Die Saorne liegt noch mit einem Dunstschleier zugedeckt, als der Konvoi Lyon verlässt. Die Hausboote an der Rhone liegen schlafend am Ufer. Es wird wieder nicht richtig hell. Der Hochnebel verwandelt Zentralfrankreich immer noch in eine düstere Waschküche.

Selbst vor gebratener Taube schrecken wir nicht zurück

Eine Rotte Wildgänse fliegt über der Rhone. Wer segelt denn jetzt erst nach Süden? Vermutlich sind die Vögel auf der Flucht, seit sich in Lyon herumgesprochen hat, dass wir beim Abendmahl selbst vor gebratener Taube nicht zurückschrecken. Immerhin haben wir am Vorabend brav die Teller aufgegessen. Nach einer Stunde Fahrt ist zum ersten Mal seit drei Tagen wieder so etwas wie Himmel zu sehen. Kurz danach kommt sogar die Sonne durch.

Tagelang durch zähes Gel

Die scheint uns auch aus dem Tank. Kollege Bethscheider-Kieser von den Stuttgarter Nachrichten erweist sich als überragendes Spartalent. Der Durchschnittsverbrauch liegt bei 1,01 Kilogramm Wasserstoff pro 100 Kilometer. Abgesehen von seinem sensiblen Gasfuß hilft auch das wärmere Wetter. Kurz vor Nimes klettert das Thermometer auf lange nicht gekannte 17 Grad. Ingenieur Massimo Venturi hat ausgerechnet, dass die Luft beim Anstieg von 20 Grad im Vergleich zum Vortag acht Prozent weniger Dichte hat. So haben wir uns also quasi all die Tage durch zähes Gel gequält.

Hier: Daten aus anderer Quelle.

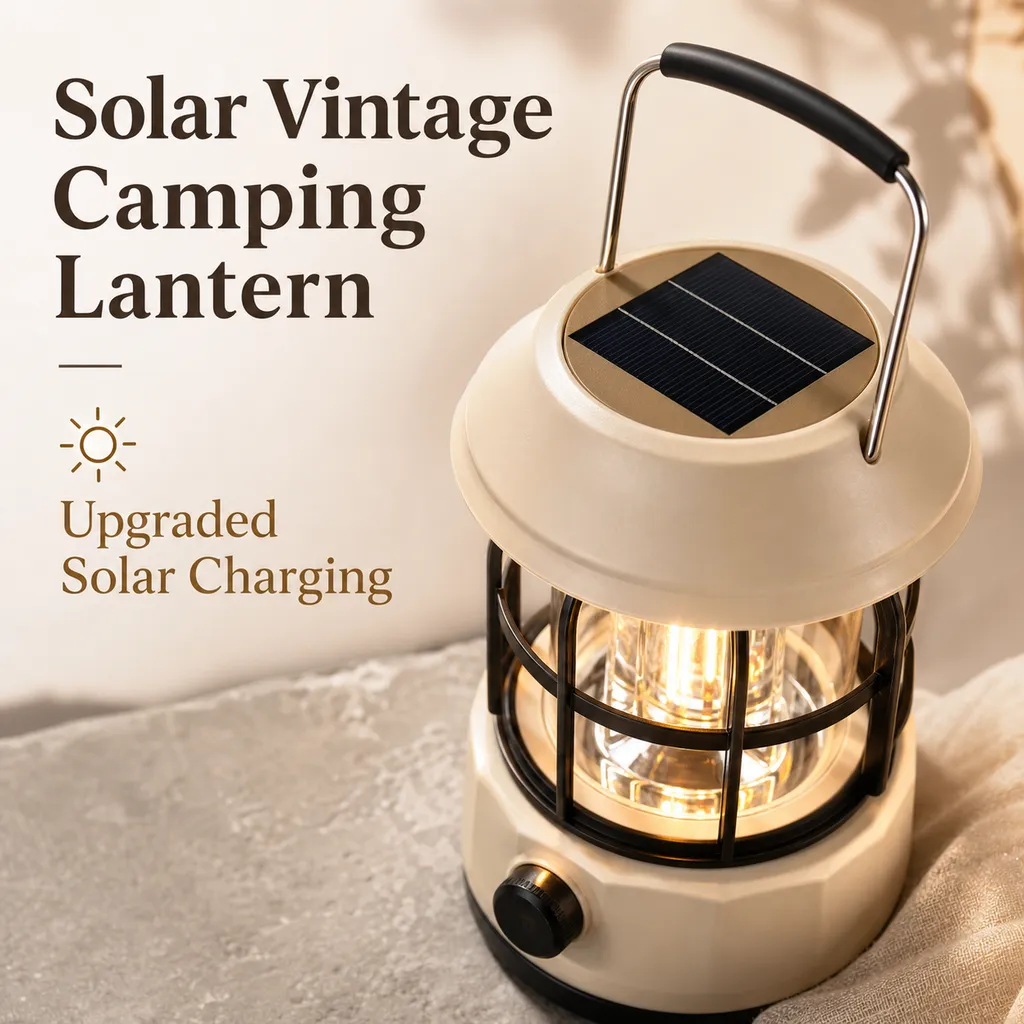 JD-L901BR Solar Rechargeable LED Camping Lantern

Heute dagegen streicht nur ein leichtes Lüftchen um den Pont du Gard. Die 275 Meter lange und 50 Meter hohe Steinbrücke mit ihrer Wasserleitung auf der Spitze ist der Weltstar unter den Aquädukten. Im ersten Jahrhundert unserer Zeitrechnung zogen die Römer die drei übereinander geschichteten Bogenreihen zwischen Uzès und Nimes hoch. 1.000 Arbeiter schufteten drei Jahre an der Brücke über den Gardon, damit die Bürger von Nimes noch mehr Wasser verschwenden konnten. Deren Verbrauch lag zu der Zeit drei Mal so hoch wie heute.

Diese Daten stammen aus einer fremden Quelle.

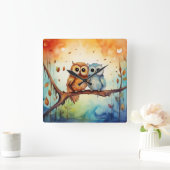 Whimsical Uilen Wandklok (Huis)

Castingshow für ein halbes Dutzend Zahnspangenschönheiten

Kichernd hockt eine pubertierende Schulklasse auf der Mauer vor dem Aquädukt. Ein halbes Dutzend Zahnspangenschönheiten wird kurzerhand für das Foto requiriert, die Zahl der Freiwilligen ist so groß, dass wir mit dem Klassenlehrer übereinkommen, vielleicht erst eine Castingshow zu veranstalten.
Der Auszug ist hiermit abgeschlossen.